Not without laughing out loud this time, "We're in the milky way, silly."
"Ah... hahahahaXD"
We laughed and talked about anything again. The tips of my boots began to feel cold and I wondered how cold wearing slippers only felt. I started walking back towards the window, thinking maybe it was cold enough to go in, but you were reluctant. No way did we go through all that trouble for just 10 minutes of balcony time. So we stayed for longer, happily chilling in the chill.
Then I spotted a scurrying creature by the side of the empty campus center. Pitter pattering on top of orange-yellow leaves and illuminated by the bright lights of the white building. Squeezing and stopping below the black steel benches. We kept on moving to get a better angle.
This was the first time in my life that I saw a skunk so clearly. The first time I saw a skunk that wasn't in Curious George.
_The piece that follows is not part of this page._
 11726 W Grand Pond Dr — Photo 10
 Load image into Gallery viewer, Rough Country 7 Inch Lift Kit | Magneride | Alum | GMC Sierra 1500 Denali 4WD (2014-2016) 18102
It looked like a raccoon panda.
so FLUFFY. AND CUTE. AND SQUISHY.
I bet its cute paws would pat pat on me if I held it. TOE BEANS.
But its ass would make me a mess.
"We're going to need all the homemade marinara from Tyler to get that stink off us," I commented.
"Or ketchup and water for days," you added. I could feel your cheeky grin. I could feel my own cheeky grin. I COULD FEEL MY CHEEKS.
I've been smiling too much lately. But today, or tonight haha, I couldn't stop pointing and be awed.
By the deft way the skunk knew where to go. Up the concrete stairs instead of hedging through the grass. So quick and sure and human.
I wonder if this skunk could hear us tonight. Saying stupid shit like "woah, it's so cute."
Or "woah, it's ACTUALLY so cute."
I'm 21 years old. And I've finally seen a skunk.
Your city girl can't get more domesticated than this.
Am I even using domesticated correctly?
Tonight, I was awed by that simple, pretty feeling. Tonight was so pretty.
Pretty like the smiles on our faces. Pretty like all the laughter we couldn't stop holding back as we realized all our efforts were for naught, with no moon in sight. Pretty like the warmth in my belly as we witnessed this skunk doing skunky things.
I wasn't at all disappointed that I couldn't see the moon. I was with you, my awesome friend.
You and I eventually turned towards the window after a series of yawns. I went after you, your long legs reaching the chair long before mine could. Then, mine came after. I was unsure, unsteady, but you held the chair. I was just fine.
You have my back.
Last week, I teared up on the middle of the street, walking to a fancy dinner I was in no way well-dressed for. Thinking about things I wish I could turn back time on, but before I lingered on regret, you and Luna appeared before me in the dark.
I could tell it was you anyway. You could be walking a mile away but if I ever saw anyone that walked like you, "it's her" I'd say.
And it was you. That happy, jaunty walk. You're like the main character of a coming-of-age movie. The protagonist everyone roots for, because your positive energy is magnetic. Radiant. Warm. You make people ask if all comp sci majors walk like that.
You walked up to me and I greeted you both into a hug.
I was about to break down crying. Maybe I almost did and the glow of the streetlights reflected the truth of what I felt, maybe all the cars driving past us knew I was emitting sad girl vibes, but before I could tear up any more, you said, "Hey. Whenever you get back to our room, look out for a little something, because I got you something. :)"
That's one of the moments I knew.
That I'll remember most.
I'll be okay, because my friends are rooting for me. You're rooting for me.
You want to see me happy and well. :)
Whoever I'll become in the future, wherever I'll be, I'm probably going to cry.
A lot.
But being with you makes me smile.
Friends, I thank you for being my homemade marinara sauce. ^-^
Cuz sometimes life fucking stinks and I fucking suck.
Like.
Skunk.
And I'll need to smell nice things again.